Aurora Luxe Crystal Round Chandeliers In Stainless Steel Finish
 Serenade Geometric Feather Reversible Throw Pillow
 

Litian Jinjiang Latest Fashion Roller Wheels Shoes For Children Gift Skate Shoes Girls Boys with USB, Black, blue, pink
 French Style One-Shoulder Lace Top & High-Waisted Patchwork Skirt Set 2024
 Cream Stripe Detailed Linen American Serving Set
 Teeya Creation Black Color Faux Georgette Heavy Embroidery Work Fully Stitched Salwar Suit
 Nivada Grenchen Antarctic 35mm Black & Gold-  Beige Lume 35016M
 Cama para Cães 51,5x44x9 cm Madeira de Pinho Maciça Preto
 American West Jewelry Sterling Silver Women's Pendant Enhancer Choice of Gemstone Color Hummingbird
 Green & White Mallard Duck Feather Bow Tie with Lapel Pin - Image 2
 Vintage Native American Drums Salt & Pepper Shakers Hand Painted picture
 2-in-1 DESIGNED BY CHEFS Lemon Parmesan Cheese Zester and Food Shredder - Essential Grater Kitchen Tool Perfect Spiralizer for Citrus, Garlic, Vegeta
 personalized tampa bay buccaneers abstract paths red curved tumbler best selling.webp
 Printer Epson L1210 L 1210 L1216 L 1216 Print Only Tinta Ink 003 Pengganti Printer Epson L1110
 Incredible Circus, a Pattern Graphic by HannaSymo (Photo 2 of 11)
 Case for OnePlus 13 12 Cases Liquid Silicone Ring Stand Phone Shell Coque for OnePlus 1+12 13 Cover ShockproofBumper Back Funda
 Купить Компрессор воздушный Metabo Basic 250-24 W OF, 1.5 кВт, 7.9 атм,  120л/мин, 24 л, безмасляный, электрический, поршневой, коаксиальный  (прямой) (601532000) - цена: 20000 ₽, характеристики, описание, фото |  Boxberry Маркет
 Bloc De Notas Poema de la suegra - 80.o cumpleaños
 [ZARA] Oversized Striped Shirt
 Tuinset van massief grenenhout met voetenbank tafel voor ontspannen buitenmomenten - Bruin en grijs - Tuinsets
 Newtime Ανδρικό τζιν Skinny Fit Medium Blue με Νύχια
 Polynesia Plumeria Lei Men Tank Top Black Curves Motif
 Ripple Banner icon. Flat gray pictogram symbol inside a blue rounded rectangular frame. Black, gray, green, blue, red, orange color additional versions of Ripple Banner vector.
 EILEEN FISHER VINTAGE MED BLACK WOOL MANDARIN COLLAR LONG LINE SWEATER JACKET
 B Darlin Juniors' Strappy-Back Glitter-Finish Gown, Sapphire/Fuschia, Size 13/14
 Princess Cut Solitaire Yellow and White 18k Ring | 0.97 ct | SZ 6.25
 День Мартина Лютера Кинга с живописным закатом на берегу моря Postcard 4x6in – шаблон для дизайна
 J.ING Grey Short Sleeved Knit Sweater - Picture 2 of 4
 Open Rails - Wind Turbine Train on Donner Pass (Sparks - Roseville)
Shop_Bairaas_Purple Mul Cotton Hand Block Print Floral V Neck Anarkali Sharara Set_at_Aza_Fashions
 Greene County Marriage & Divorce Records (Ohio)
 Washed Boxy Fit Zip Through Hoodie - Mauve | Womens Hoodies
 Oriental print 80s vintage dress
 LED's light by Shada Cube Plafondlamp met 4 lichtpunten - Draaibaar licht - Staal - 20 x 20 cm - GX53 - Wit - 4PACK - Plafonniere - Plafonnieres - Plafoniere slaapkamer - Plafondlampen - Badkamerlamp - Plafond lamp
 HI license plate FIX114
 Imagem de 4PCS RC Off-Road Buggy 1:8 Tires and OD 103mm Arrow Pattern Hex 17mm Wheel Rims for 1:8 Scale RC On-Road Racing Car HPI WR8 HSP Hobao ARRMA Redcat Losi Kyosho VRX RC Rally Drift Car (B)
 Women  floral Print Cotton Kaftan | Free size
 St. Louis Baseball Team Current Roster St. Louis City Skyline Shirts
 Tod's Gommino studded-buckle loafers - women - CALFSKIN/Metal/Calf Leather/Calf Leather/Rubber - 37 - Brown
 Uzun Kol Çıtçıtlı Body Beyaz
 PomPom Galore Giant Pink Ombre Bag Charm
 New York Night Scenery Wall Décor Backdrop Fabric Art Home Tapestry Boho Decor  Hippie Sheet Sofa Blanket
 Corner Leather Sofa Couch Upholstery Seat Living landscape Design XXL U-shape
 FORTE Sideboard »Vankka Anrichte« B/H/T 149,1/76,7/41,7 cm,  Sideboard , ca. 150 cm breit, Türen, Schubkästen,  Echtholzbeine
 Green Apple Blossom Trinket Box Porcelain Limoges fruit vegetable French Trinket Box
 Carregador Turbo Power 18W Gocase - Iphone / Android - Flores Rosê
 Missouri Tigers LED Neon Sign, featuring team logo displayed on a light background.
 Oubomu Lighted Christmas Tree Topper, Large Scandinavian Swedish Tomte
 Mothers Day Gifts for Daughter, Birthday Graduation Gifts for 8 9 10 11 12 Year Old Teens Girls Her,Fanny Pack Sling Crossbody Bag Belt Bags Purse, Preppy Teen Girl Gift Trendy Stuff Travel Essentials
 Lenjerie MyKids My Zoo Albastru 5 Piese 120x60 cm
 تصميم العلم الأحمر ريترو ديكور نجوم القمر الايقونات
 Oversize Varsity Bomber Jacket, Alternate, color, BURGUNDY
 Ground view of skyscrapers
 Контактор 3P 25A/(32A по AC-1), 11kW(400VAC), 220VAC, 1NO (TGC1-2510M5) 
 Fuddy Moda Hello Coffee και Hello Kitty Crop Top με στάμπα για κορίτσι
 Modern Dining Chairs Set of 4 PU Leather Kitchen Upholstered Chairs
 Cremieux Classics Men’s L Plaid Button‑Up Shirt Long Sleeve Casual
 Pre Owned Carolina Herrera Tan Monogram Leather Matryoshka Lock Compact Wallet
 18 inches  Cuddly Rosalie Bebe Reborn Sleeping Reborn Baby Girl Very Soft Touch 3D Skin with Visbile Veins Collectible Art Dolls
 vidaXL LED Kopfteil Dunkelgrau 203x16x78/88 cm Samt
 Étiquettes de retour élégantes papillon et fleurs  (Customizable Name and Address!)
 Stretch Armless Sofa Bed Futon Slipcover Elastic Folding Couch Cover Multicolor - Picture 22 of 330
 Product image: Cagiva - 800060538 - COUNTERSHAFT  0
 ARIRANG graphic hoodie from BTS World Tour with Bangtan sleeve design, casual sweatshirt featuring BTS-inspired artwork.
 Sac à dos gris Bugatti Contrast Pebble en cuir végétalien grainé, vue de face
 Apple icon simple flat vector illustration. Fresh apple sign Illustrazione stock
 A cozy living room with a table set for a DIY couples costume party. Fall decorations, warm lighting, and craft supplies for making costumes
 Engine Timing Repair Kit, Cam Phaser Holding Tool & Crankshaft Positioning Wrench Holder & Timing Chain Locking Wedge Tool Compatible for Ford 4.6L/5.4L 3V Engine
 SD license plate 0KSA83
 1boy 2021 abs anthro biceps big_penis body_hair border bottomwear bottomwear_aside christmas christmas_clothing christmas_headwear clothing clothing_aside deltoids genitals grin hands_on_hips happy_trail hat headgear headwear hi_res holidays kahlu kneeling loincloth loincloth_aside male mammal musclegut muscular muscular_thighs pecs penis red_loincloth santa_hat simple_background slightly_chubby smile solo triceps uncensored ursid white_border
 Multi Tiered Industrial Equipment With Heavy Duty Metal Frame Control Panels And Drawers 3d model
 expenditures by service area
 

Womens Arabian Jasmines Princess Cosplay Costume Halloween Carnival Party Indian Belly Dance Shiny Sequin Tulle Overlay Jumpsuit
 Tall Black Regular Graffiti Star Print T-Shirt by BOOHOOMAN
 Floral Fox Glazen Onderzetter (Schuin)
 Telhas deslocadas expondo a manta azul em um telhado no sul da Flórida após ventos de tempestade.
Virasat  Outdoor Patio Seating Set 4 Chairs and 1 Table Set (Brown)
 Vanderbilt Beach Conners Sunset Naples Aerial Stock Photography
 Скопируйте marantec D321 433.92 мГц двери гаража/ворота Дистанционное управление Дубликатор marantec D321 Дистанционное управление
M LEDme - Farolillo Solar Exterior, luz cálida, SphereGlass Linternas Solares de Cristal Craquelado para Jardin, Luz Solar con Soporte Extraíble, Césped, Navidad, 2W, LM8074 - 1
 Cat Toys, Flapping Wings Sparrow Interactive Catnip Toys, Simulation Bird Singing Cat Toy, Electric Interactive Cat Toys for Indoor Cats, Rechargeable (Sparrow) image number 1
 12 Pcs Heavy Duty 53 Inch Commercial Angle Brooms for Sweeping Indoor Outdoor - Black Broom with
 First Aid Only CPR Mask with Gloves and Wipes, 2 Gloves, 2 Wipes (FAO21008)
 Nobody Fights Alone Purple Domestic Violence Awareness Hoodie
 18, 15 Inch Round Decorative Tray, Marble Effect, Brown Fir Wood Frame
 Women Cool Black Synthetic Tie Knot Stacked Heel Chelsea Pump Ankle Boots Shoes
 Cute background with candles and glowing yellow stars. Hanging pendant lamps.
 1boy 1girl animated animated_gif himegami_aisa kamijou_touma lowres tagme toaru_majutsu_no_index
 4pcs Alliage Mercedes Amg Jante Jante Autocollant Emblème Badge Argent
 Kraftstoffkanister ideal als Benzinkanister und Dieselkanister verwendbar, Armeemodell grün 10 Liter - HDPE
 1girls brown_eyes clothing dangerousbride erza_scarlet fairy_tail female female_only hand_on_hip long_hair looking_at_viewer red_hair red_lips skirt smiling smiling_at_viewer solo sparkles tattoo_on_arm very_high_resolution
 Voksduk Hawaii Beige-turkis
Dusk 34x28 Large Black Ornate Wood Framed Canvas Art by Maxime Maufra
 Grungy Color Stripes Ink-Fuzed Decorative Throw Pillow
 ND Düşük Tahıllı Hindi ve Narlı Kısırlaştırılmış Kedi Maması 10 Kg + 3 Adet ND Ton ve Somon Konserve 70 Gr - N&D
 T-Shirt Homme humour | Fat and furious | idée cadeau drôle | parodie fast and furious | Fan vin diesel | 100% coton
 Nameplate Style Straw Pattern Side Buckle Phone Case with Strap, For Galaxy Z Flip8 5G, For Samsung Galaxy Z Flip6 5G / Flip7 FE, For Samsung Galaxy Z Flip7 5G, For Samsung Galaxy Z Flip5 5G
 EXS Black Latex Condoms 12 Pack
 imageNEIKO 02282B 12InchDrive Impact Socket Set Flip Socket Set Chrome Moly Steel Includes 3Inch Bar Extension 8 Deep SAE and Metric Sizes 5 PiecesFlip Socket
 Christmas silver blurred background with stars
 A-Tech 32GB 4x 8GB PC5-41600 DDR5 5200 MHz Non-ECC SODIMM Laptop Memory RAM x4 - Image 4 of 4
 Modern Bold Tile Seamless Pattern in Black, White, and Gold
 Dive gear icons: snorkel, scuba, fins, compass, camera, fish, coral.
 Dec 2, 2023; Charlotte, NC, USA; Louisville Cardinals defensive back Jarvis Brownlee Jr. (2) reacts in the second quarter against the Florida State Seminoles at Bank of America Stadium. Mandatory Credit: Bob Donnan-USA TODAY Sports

• _EXERCISE DETAILS_: Only the lines above from the line with "Floral Fox Glazen Onderzetter (Schuin)" to the line with "12 Pcs Heavy", those two lines included, should be reproduced exactly.

• _RESPONSE TO THIS TASK_:
 Floral Fox Glazen Onderzetter (Schuin)
 Telhas deslocadas expondo a manta azul em um telhado no sul da Flórida após ventos de tempestade.
Virasat  Outdoor Patio Seating Set 4 Chairs and 1 Table Set (Brown)
 Vanderbilt Beach Conners Sunset Naples Aerial Stock Photography
 Скопируйте marantec D321 433.92 мГц двери гаража/ворота Дистанционное управление Дубликатор marantec D321 Дистанционное управление
M LEDme - Farolillo Solar Exterior, luz cálida, SphereGlass Linternas Solares de Cristal Craquelado para Jardin, Luz Solar con Soporte Extraíble, Césped, Navidad, 2W, LM8074 - 1
 Cat Toys, Flapping Wings Sparrow Interactive Catnip Toys, Simulation Bird Singing Cat Toy, Electric Interactive Cat Toys for Indoor Cats, Rechargeable (Sparrow) image number 1
 12 Pcs Heavy Duty 53 Inch Commercial Angle Brooms for Sweeping Indoor Outdoor - Black Broom with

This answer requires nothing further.